Agricultural sector stakeholders from across the country have begun a 4 – day meeting in Accra to develop a revised Seed Sector Strategy and Investment Plan to help boost the country’s food security.
Officials from the Ministry of Food and Agriculture (MoFA), the National Seed Trade Association of Ghana (NASTAG), The African Seed Access Index (TASAI), and other seed sector stakeholders are meeting from Monday, November 7 for the 3rd National Seed Forum.
The Seed Sector Strategy and Investment Plan is expected to strengthen Ghana’s seed industry by promoting the adoption and utilization of certified seed by the country’s farmers.
Given the current economic crisis in Ghana, which is affecting the lack of fertilizer and seed inputs for farmers, strengthening the seed sector and increasing the use of improved seeds is expected to boost crop yields, and transform the food system that feeds the country, a statement from The Alliance for the Green Revolution in Africa (AGRA), which is spearheading the initiative said.
The four-day workshop follows a successful deployment of the Seed Systems Analysis Tool (SeedSAT), to analyze the functioning of eight (8) key thematic areas of the national seed system and make prioritized recommendations for interventions to support a robust seed sector.
Under the theme, “Facilitating the Seed Industry through Knowledge, Collaboration and Strategic Planning”, the delegates at the National Seed Forum will revise the National Seed Plan (2015) and incorporate the recommendations from the SeedSAT exercise.
The workshop will also allow industry players to network and receive updates on pertinent seed sector issues and strengthened business linkages.
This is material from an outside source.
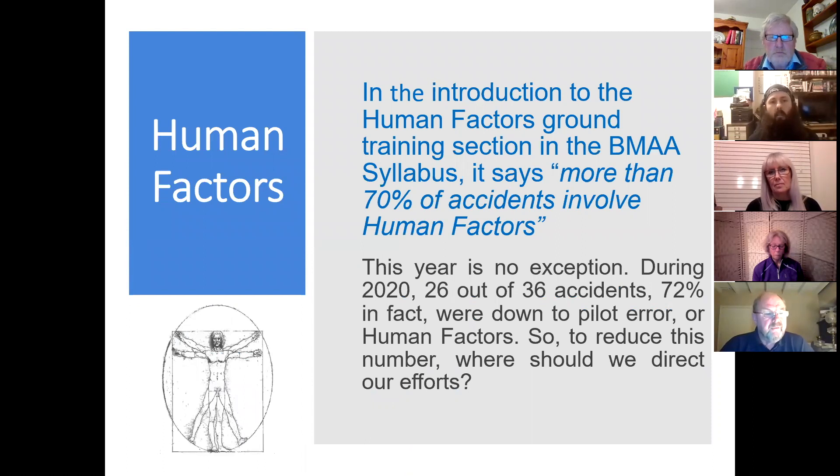Moving on to the human factors involved. This year's number of accidents due to human factors is bang on normal. In the syllabus it states that more than 70% of accidents involve human factors — this year is typical. You can see 26 out of 36, that's 72%, are down to pilot error or human factors. So in order to reduce this number, where should we as instructors direct our efforts?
The statement by Rebecca Weaver of AGRA said AGRA is working on this effort with the support of the U.S. Government through the U.S. Agency for International Development (USAID), and the Bill & Melinda Gates Foundation (BMGF), under the Partnership for Inclusive Agricultural Transformation in Africa (PIATA) umbrella.
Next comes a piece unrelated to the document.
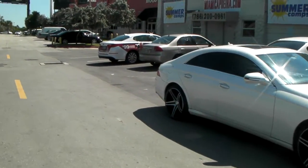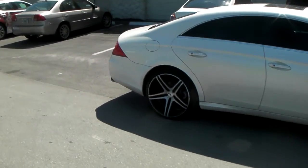Got the 275-30-20 in the rear with a 10.5 — you see how deep that concave is.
It said Ghana’s seed sector has made tremendous growth in the past few years, with the development and availability of improved and locally adapted seed varieties. However, the adoption is still marginal, with just about 30% of the farmers using the improved varieties. The slow pace of adoption is linked to inadequate compliance with seed legislation by various key seed value chain operators, and the disregard of the rules and procedures of the Seed Certification and Standard Regulations.